Salinity structures the microbiome of the green seaweed Ulva: functional and taxonomic patterns

Luna M. van der Loos1,2, Sophie Steinhagen3, Anne Willems2, Olivier De Clerck1

1Phycology Research Group, Department of Biology, Ghent University, Ghent, Belgium

2Laboratory of Microbiology, Department Biochemistry and Microbiology, Ghent University, Ghent, Belgium

3Department of Marine Sciences-Tjärnö, University of Gothenburg, SE-452 96 Strömstad, Sweden

 

The green seaweed Ulva is a model system to study seaweed-bacteria interactions. Although it becomes increasingly clear that microbes are of vital importance to their algal host, the impact of environmental drivers on the dynamics of these interactions is little understood.
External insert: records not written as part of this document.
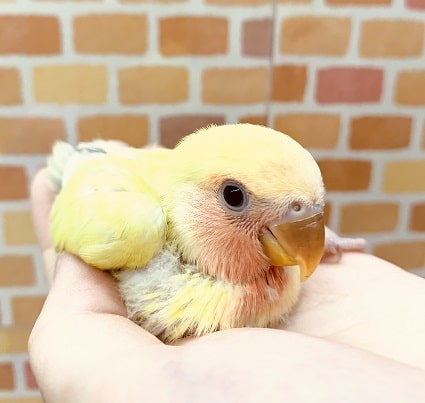 手乗りコザクラインコ　ゴールデンチェリー　11月26日撮影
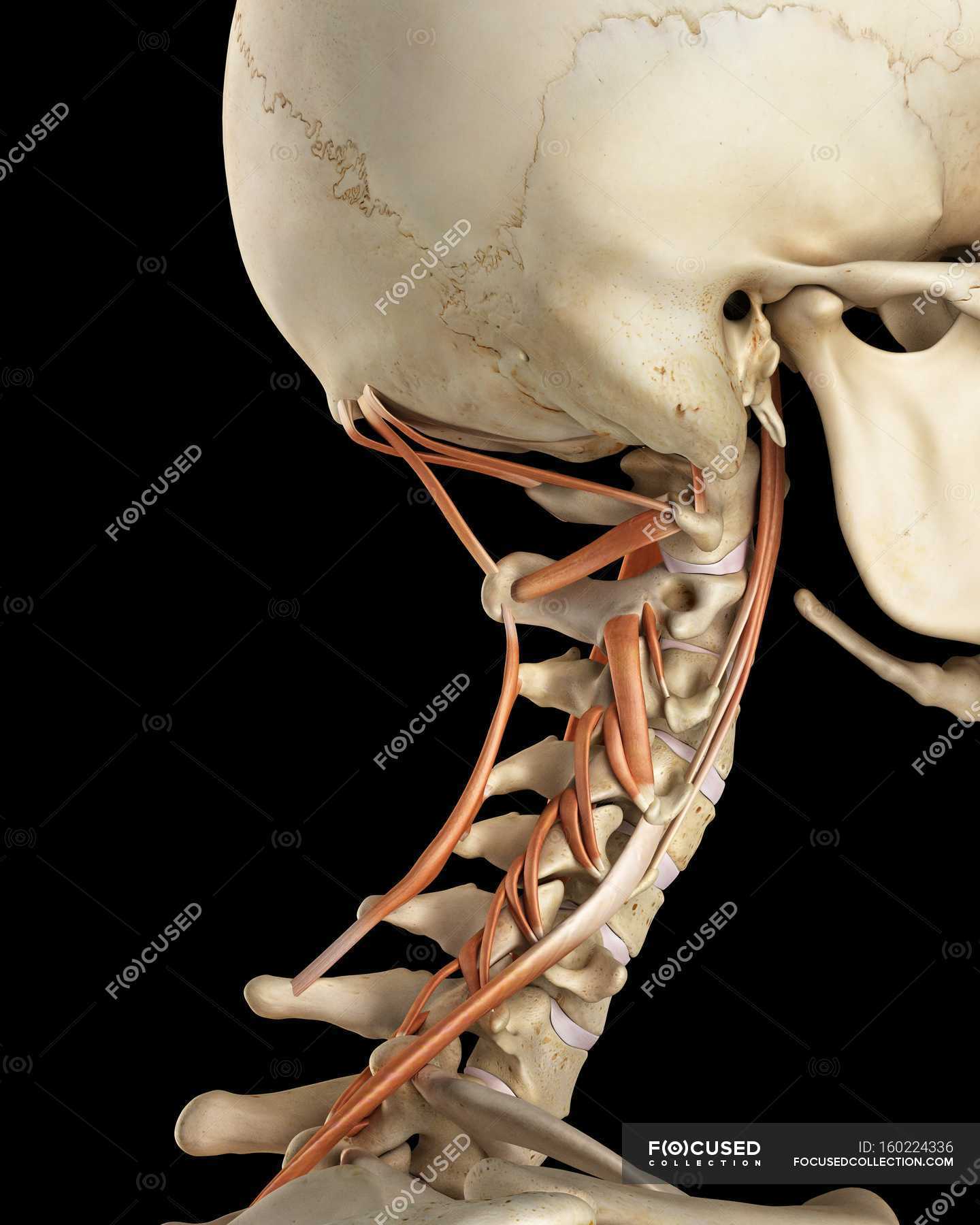 Human Neck Bone Structure And Muscle Anatomy Three Dimensional Artwork Stock Photo 160224336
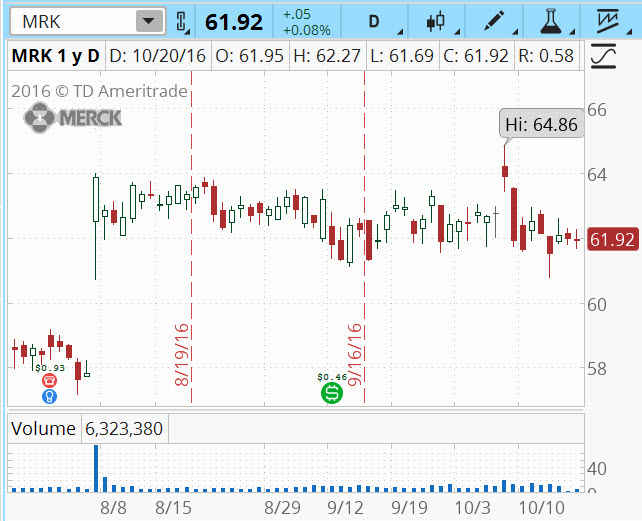 Swapsiz Forex Hesabi Binary Options Trade For Beginners - 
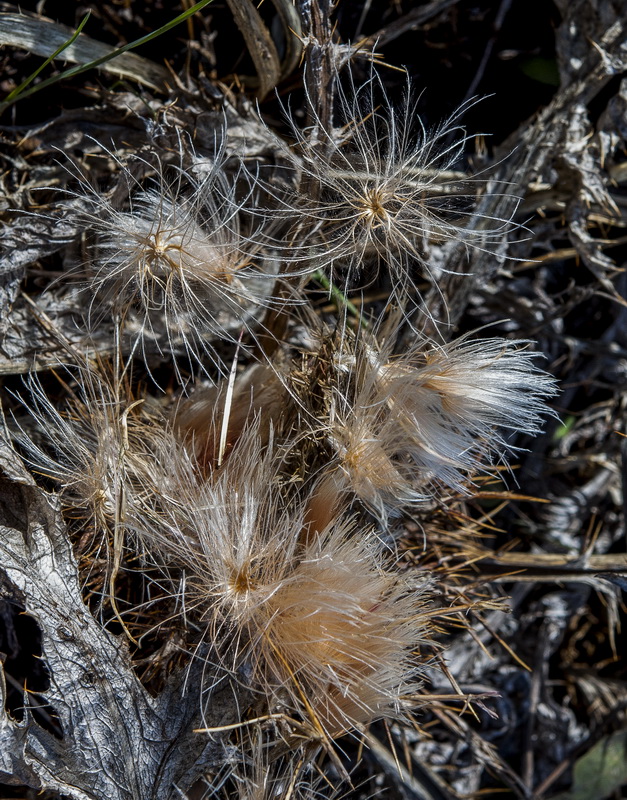 Carlina gummifera.43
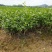 广西横州茉莉花苗12345年广西横县重瓣双瓣茉莉花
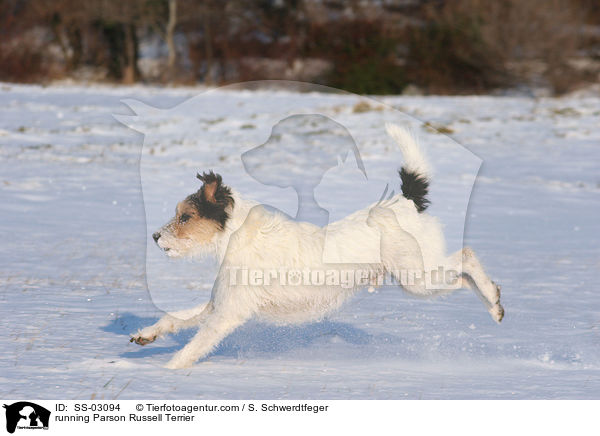 rennender Parson Russell Terrier / running Parson Russell Terrier / SS-03094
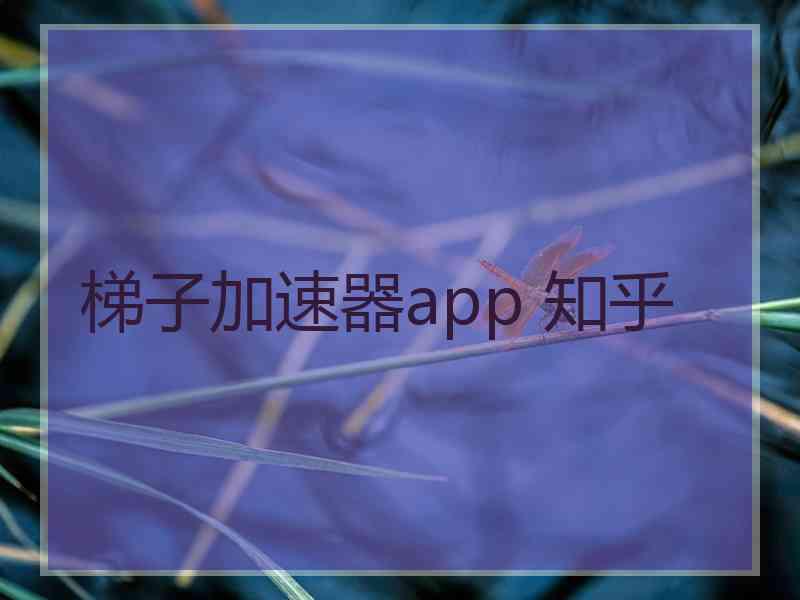 梯子加速器app 知乎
Assessing microbiome changes across an environmental gradient may provide information on the redundancy of the associated bacteria and the relative importance of stochastic vs. deterministic mechanisms of the community assembly. We investigated the stability and variability of Ulva-associated bacterial communities across the stable Atlantic-Baltic Sea salinity gradient. Using the full-length 16S rRNA gene, generated with Oxford Nanopore sequencing, we taxonomically characterized the bacterial communities of 15 Ulva sensu lato species along 2000 km coastline in a total of 481 samples. In addition, we functionally characterized a subset of 92 samples with Illumina shotgun metagenomic sequencing, resulting in 656 MAGs (metagenome-assembled genomes). Our results demonstrated that Ulva-associated bacterial composition and functional gene composition were strongly structured by both salinity and host species. The largest shift in the bacterial consortia coincided with the horohalinicum (5-8 PSU, known as the transition zone from freshwater to marine conditions). We defined distinct low and high salinity bacterial communities, as well as identified a small core community (contributing to 14% of the reads per sample, on average). Our results contradict earlier statements that Ulva-associated bacterial communities are taxonomically highly variable across individuals and largely stochastically defined. Characteristic bacterial communities associated with distinct salinity regions may therefore facilitate the host’s adaptation across the environmental gradient.